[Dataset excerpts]
*** Begin section ***

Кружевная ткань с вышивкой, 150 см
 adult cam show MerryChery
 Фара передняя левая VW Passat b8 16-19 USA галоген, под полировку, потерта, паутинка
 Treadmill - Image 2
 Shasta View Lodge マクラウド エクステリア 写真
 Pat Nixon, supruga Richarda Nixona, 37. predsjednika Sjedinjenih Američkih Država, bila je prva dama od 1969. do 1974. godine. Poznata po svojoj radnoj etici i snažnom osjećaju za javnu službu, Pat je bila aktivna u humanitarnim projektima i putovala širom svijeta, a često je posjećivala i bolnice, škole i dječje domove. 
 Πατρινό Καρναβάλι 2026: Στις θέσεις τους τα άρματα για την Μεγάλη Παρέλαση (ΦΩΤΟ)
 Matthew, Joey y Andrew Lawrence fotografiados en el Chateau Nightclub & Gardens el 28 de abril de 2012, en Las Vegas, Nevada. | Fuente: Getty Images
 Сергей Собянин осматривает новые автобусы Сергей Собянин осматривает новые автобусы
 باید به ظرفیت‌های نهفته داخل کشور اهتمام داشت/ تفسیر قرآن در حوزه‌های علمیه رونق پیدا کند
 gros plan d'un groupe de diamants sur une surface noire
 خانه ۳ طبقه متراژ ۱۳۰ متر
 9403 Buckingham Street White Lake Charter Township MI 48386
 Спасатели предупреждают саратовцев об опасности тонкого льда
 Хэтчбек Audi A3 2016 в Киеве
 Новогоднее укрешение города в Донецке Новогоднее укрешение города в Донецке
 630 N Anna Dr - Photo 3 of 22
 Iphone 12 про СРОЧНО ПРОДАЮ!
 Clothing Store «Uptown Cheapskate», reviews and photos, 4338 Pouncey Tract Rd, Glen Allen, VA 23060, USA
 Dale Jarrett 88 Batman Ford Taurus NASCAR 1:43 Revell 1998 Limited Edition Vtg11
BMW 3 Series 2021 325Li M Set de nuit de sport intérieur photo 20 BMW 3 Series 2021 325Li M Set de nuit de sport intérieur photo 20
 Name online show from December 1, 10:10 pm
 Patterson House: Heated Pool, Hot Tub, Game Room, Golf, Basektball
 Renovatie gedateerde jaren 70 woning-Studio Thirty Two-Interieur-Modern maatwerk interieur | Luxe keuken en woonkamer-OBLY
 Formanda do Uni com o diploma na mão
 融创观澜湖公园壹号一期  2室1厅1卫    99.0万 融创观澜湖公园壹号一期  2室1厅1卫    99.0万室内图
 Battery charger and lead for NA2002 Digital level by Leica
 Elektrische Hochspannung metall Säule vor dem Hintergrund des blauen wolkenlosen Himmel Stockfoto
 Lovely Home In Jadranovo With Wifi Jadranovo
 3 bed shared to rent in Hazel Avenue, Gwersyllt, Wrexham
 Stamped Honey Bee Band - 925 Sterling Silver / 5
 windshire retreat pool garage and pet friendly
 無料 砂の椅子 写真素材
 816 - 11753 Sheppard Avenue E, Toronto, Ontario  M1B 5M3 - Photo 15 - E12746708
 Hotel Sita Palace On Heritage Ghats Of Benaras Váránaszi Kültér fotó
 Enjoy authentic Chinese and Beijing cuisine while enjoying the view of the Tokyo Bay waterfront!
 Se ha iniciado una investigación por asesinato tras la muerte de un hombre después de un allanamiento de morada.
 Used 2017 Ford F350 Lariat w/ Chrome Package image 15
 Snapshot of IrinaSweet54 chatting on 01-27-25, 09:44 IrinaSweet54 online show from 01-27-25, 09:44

*** End section ***

Work to be completed :: Write down exactly the span of lines above from the one containing "Iphone 12 про СРОЧНО ПРОДАЮ!" to the one containing "Name online show from December 1, 10:10 pm", both ends included.

Response to this task ::
 Iphone 12 про СРОЧНО ПРОДАЮ!
 Clothing Store «Uptown Cheapskate», reviews and photos, 4338 Pouncey Tract Rd, Glen Allen, VA 23060, USA
 Dale Jarrett 88 Batman Ford Taurus NASCAR 1:43 Revell 1998 Limited Edition Vtg11
BMW 3 Series 2021 325Li M Set de nuit de sport intérieur photo 20 BMW 3 Series 2021 325Li M Set de nuit de sport intérieur photo 20
 Name online show from December 1, 10:10 pm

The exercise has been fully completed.